Page MenuHomePhabricator

AbuseFilter should not cast arrays into strings
Open, LowPublic

Description

Using the debugging tools:

  • 1 in [0, 11, 20] => true, yet 1 is not in the array
  • contains_any([0, 11, 20], 1) => true

etc.

Currently when looking for multiple namespaces (for example), it seems the only way to do it with a single condition is with regex, like article_namespace in "^(0|11|20)$". This is not very pretty, and probably (very very slightly) less performant because it uses the regex engine.

Arrays always get joined into a single string, which is not what you would expect from the syntax.

It should be noted fixing this will introduce regressions. There are many, many filters that do things like !("confirmed" in user_groups). Right now this covers "confirmed" and "autoconfirmed". Assuming user_groups is an array (which it logically it should be), you'd need to change this clause to something like !(contains_any(user_groups, "confirmed", "autoconfirmed")). We could run a query to find all the filters that use in, contains_any and contains in order to find out what needs updating. The rollout process would be painful, but the point is newcomers to the extension would expect arrays to act like arrays, and not a giant string.

Event Timeline

As a partial solution, there is https://gerrit.wikimedia.org/r/#/c/409312/, to be used in cases like the one with namespaces. It doesn't solve the problem, but it may be something to start with. Changing array behaviour to be sane would indeed be a pain in the neck for transition involved.

@MusikAnimal the fix itself should be pretty easy: probably, we only need to change how arrays are handled in some functions (keywordIn, keywordContains, contains ...). However, as you pointed out, there would be a huge work of re-adapting each filter with the new standards (and properly warn the user of this change). What would you propose to face this? I mean, we'd need to precisely schedule what to do and how to make the transition less painful.

@MusikAnimal the fix itself should be pretty easy: probably, we only need to change how arrays are handled in some functions (keywordIn, keywordContains, contains ...). However, as you pointed out, there would be a huge work of re-adapting each filter with the new standards (and properly warn the user of this change). What would you propose to face this? I mean, we'd need to precisely schedule what to do and how to make the transition less painful.

A while back Community Tech made a big update to ccnorm and norm, and we queried production to find all the filters that use these functions and updated them ourselves (leaving a note in the filter description, of course). For a change as big as this task, we'd need to give lots of forewarning.

Many of the affected filters are critical, and tripped very often. We don't want any chance of false positives happening after deployment, so perhaps we could first update all the affected filters so that arrays are type casted into strings. So !("confirmed" in user_groups) could be changed to !("confirmed" in (string)user_groups). Then afterwards, filter authors are free to change their syntax to the new system, or leave the filters as-is.
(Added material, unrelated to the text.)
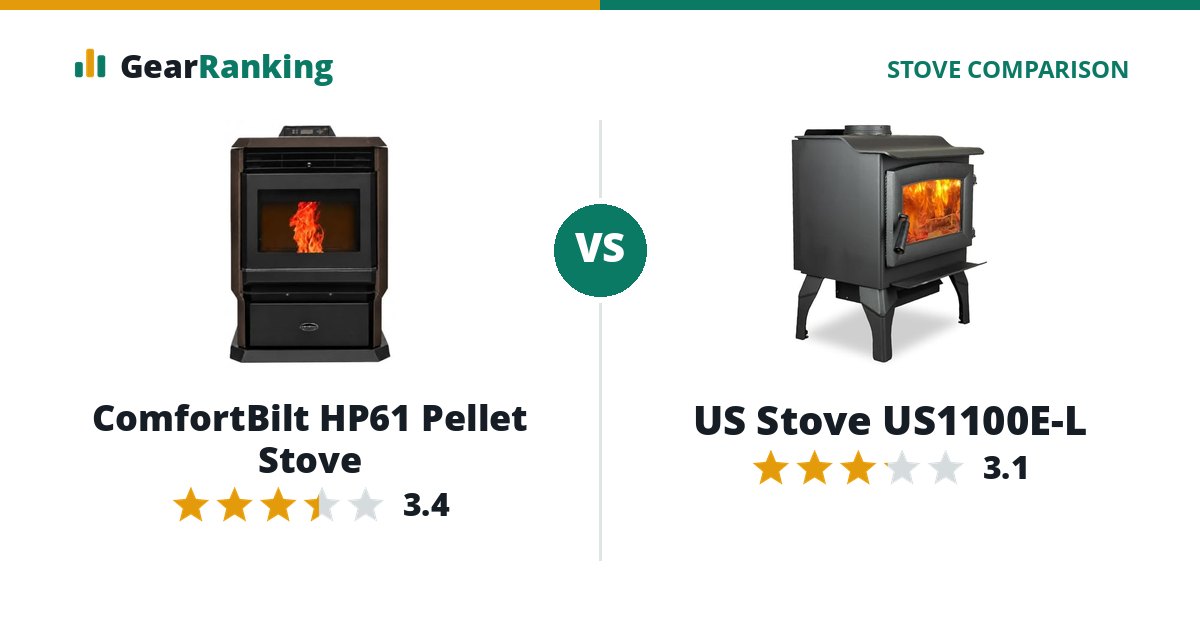 ComfortBilt HP61 Pellet Stove vs US Stove US1100E-L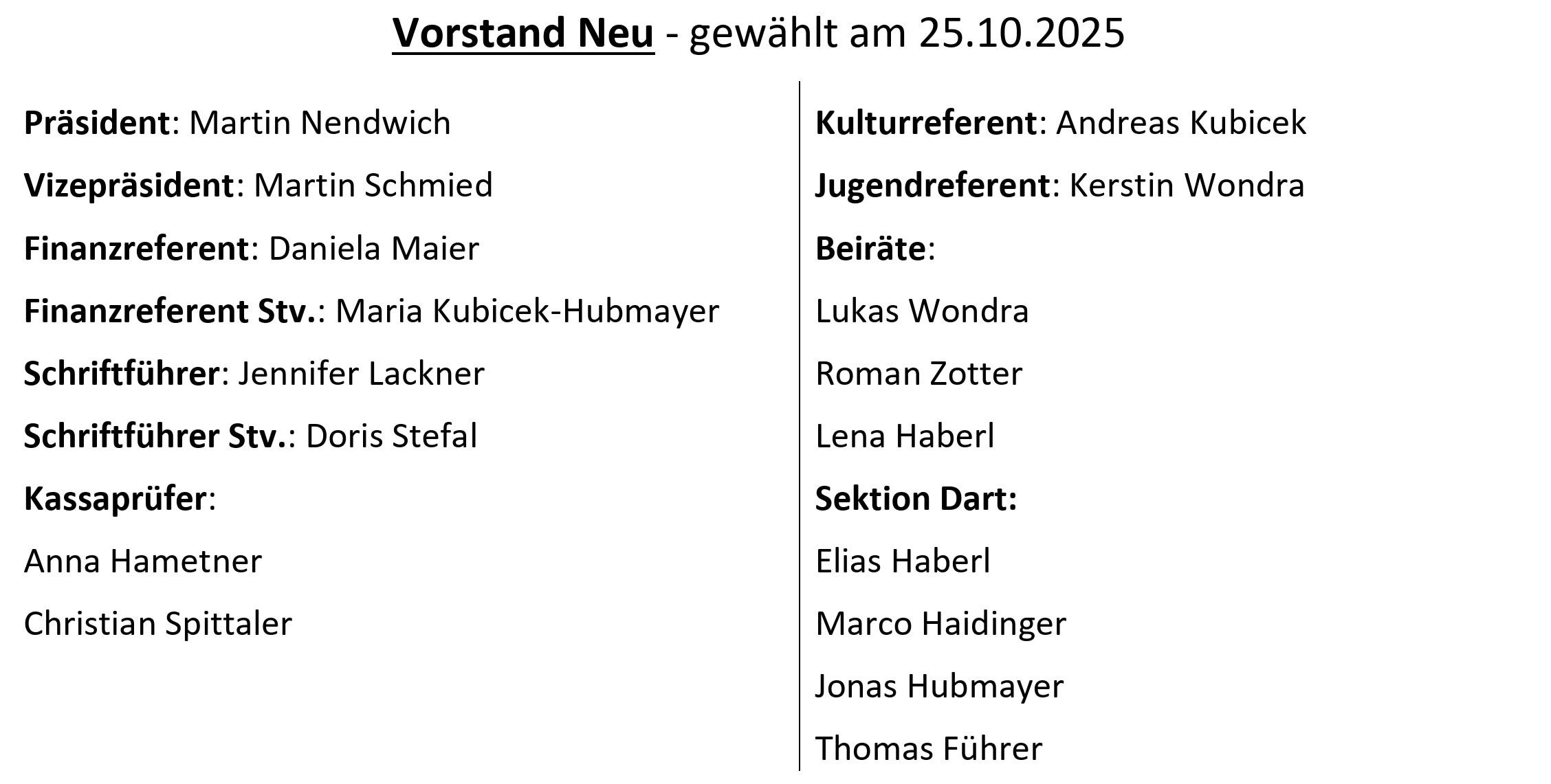 Neuer Vorstand gewählt am 25.10.2025. Kulturreferent: Andreas Schmied. Jugendreferent: Kerstin Maier. Beiräte: Lukas Wondra, Roman Zotter, Lena Haberl. Sektion Dart: Elias Haberl, Marco Haidinger, Jonas Hubmayer, Thomas Fuhrer.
Or, we could create new functions entirely, maybe in_array, array_contains, etc.? This seems subpar as the point is to remove the wonky handly of arrays for good, but honestly introducing something backwards-compatible might be better. in, contains and contains_any are used extensively (probably most filters on enwiki), and it will take filter managers time to remember to use the new syntax. That's a lot to ask of people.

You are totally right, on it.wiki we also have many filters relying on such flaky behaviour of lists. Talking about the correction itself, it would be painful but feasible. Although I don't have the rights, I'd be happy to help in converting every filter to the sane form. The real trouble would be to make users comfortable with the new syntax. I also thought about the new function, but sincerely I don't know if it would be somehow better. The only sure thing is, if we don't want new functions we should first correct every filter. And, finally, I also don't know whether it would be better to give a one-shot change (i.e. changing the behaviour of every function all at once) or to proceed progressively, e.g. first add new functions, then sanitize the old ones, or correcting them one by one.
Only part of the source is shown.